--- START ---

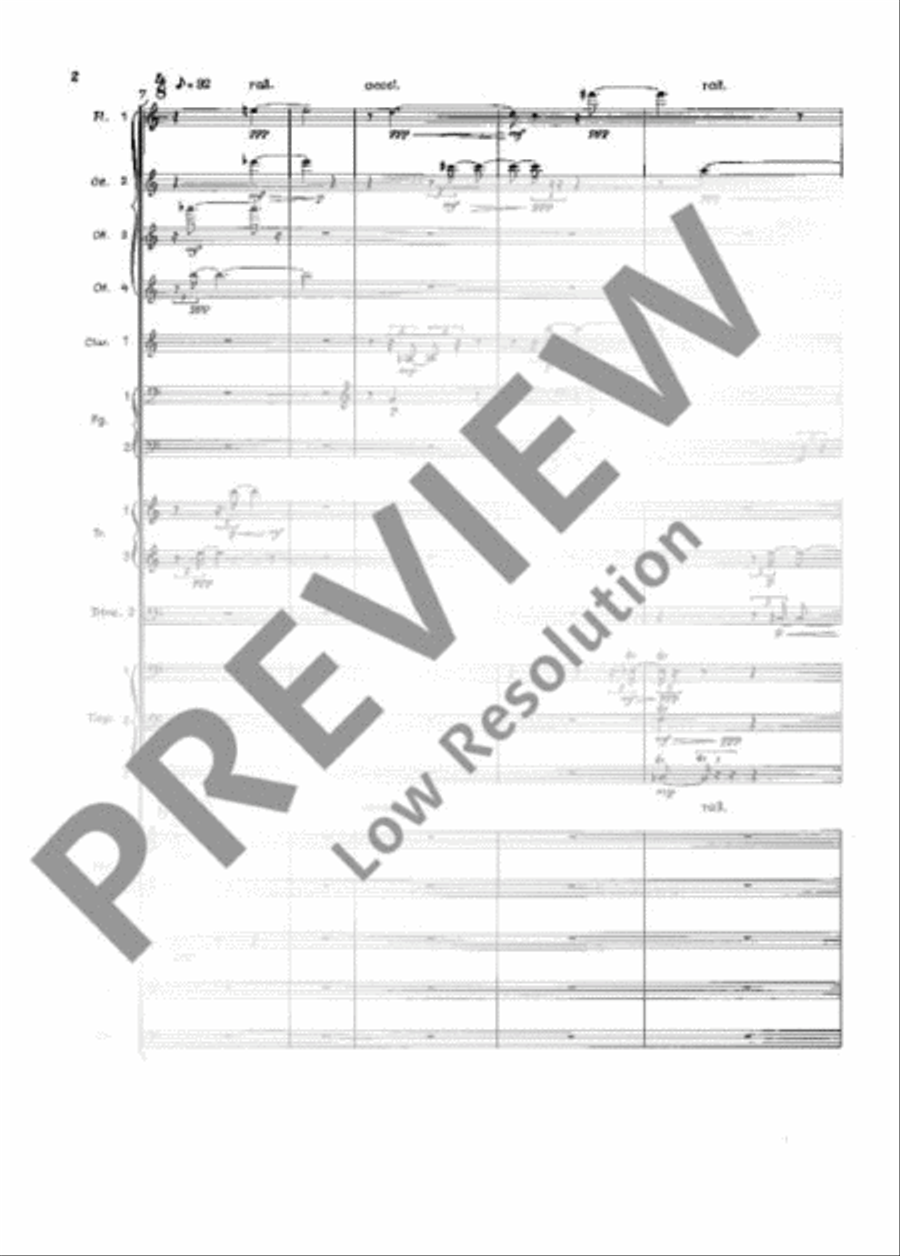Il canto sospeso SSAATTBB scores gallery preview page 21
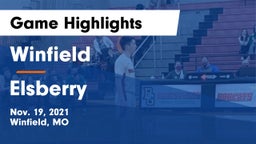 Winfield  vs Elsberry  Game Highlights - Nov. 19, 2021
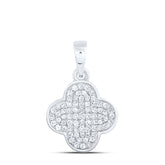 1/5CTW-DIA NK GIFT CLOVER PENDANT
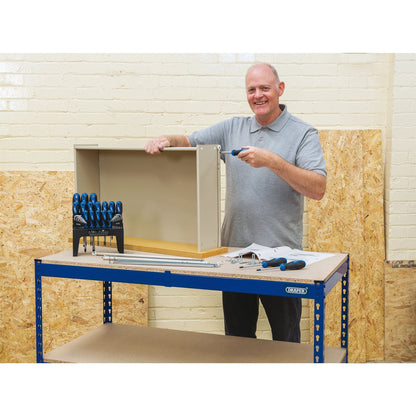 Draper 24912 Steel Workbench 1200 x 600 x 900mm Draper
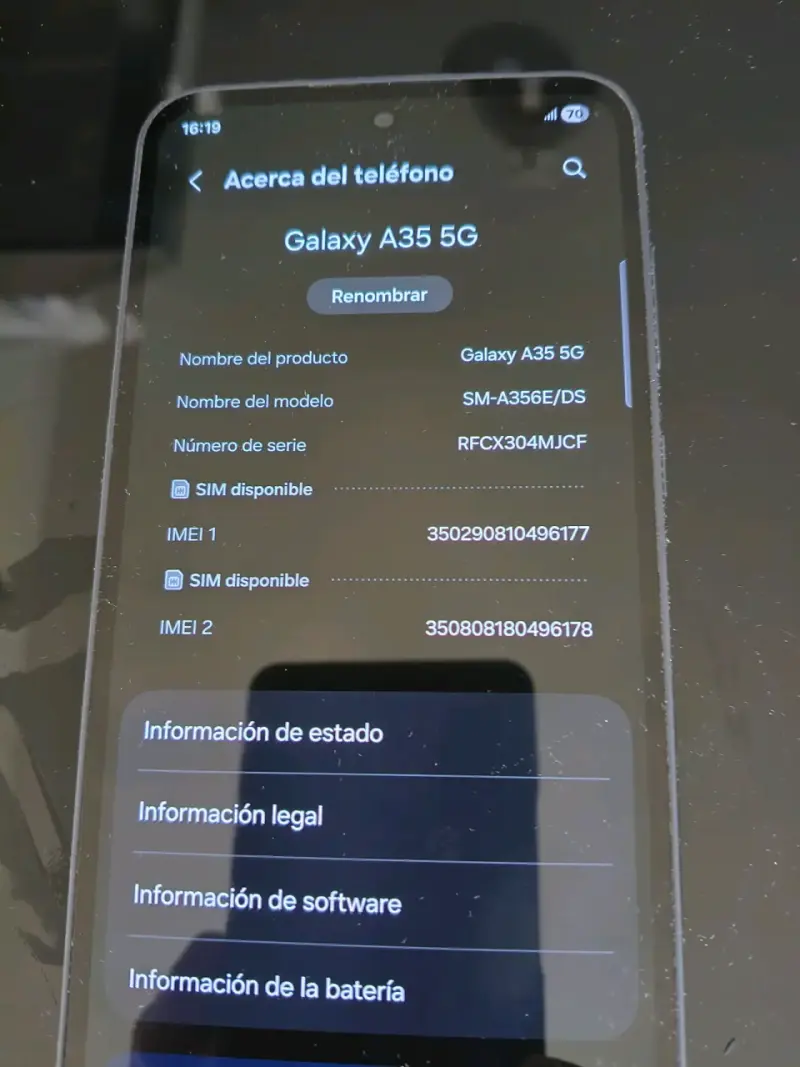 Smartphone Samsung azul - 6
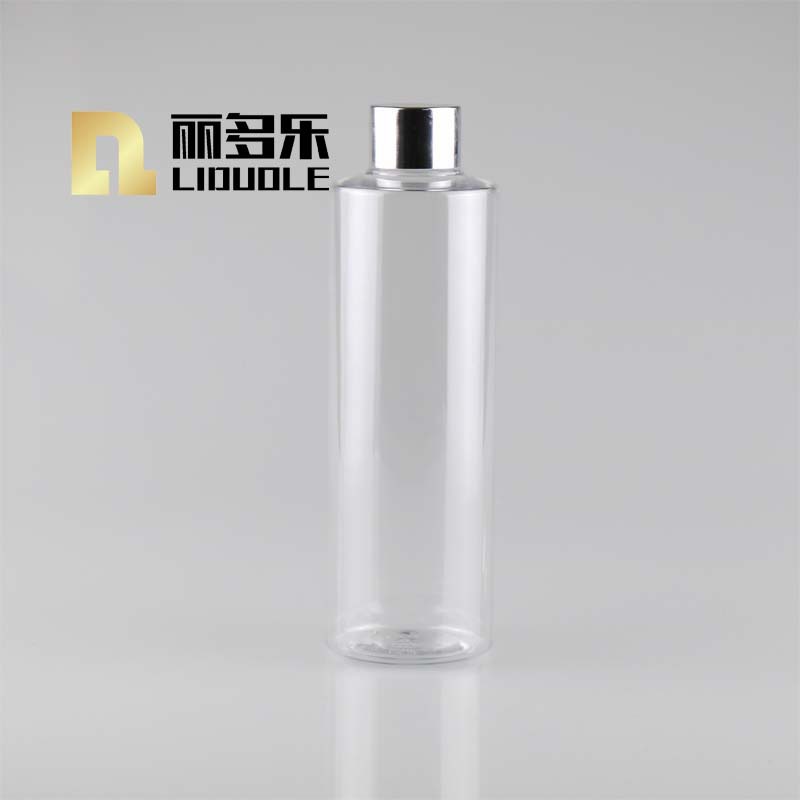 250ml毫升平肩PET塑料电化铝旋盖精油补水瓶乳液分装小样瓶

--- END ---

== Assigned task ==
Your output must reproduce the material above in full, with no pictures.

== Output of the task ==
Il canto sospeso SSAATTBB scores gallery preview page 21
 Winfield  vs Elsberry  Game Highlights - Nov. 19, 2021
 1/5CTW-DIA NK GIFT CLOVER PENDANT
 Draper 24912 Steel Workbench 1200 x 600 x 900mm Draper
 Smartphone Samsung azul - 6
 250ml毫升平肩PET塑料电化铝旋盖精油补水瓶乳液分装小样瓶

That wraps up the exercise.